[Edu-sig] text compression as a learning tool
Seth David Schoen
schoen@loyalty.org
Mon, 28 May 2001 18:18:19 -0700
Timothy Wilson writes:
> Hi everyone,
>
> I'm trying to come up with some more comprehensive projects to supplement my
> Python class for next fall. I'm definitely going to do a little "clubhouse
> crypto" (thanks Kirby and Neal Stephenson for picquing my interest).
>
> Before undertaking my own study of text/data compression, I'd like to get
> the opinions of the list members here about whether you think this could be
> an appropriate subject for beginning to intermediate Python programmers.
>
> Any particular references to compression algorithms or other background
> materials?
I fondly remember inventing run-length encoding in junior high, so it
occurs to me that that's a good algorithm to work with.
RLE doesn't usually work much on text (since letters are rarely
repeated in natural languages in groups larger than two), but it's great
for graphics. Have you considered presenting the problem of
compressing pictures? If a picture is in an array, how can it be
written to a file in such a way that the file can be read back in and
the array reconstructed?
There is an "obvious" way with two nested loops, and if students can
understand that, maybe they can think of alternatives (of which the
simplest is RLE). Then the problem is which of these alternatives
typically produce shorter files than the "obvious" technique.
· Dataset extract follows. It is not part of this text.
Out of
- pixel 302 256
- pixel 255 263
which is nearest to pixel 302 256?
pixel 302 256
I think RLE is given as an exercise in _SICP_, but the book explains
how it works and then simply asks you to implement it. Is it possible
that, if you mention the problem, some student will just think of RLE
or some similar technique?
For text compression, you can look at digraph frequencies and trigraph
frequencies, or word frequencies. Many early commercial compression
applications from the age of the telegraph were not automated, but
were performed by humans using codebooks. There's a lot of literature
about this recently -- a few of the popular recent books on
cryptography discuss this. The codes were not _necessarily_ meant to
provide confidentiality, but they'd abbreviate common words. Then you
have to think about something like a quoting mechanism if you want to
retain the ability to express the abbreviations themselves. (Perhaps
that gets into a discussion of lossy versus lossless compression: a
system which can't reverse certain abbreviations -- for example, which
compresses several different synonyms into the same code -- will be
lossy because it can't restore the literal original text. But it
could still be useful.)
I think there was some material about those commercial codes in the very
interesting book _The Victorian Internet_ by Tom Standage. Compression
really got a huge boost from the telegraph because of how expensive it
could be to transit large quantities of information. (On the other
hand, the use of abbreviations is much older, and medieval manuscripts
are chock full of standardized abbreviations, including many which
have fallen into disuse now.)
So you could certainly approach text compression from the word level
by starting with word frequency counters. (Those are super-easy with
Python dictionaries!) And people can absolutely get useful
compression by these methods.
Unfortunately, a lot of recent highly-efficient techniques are
relatively difficult to understand. I think Huffman coding is often
thought of as the boundary between the elementary and the intricate.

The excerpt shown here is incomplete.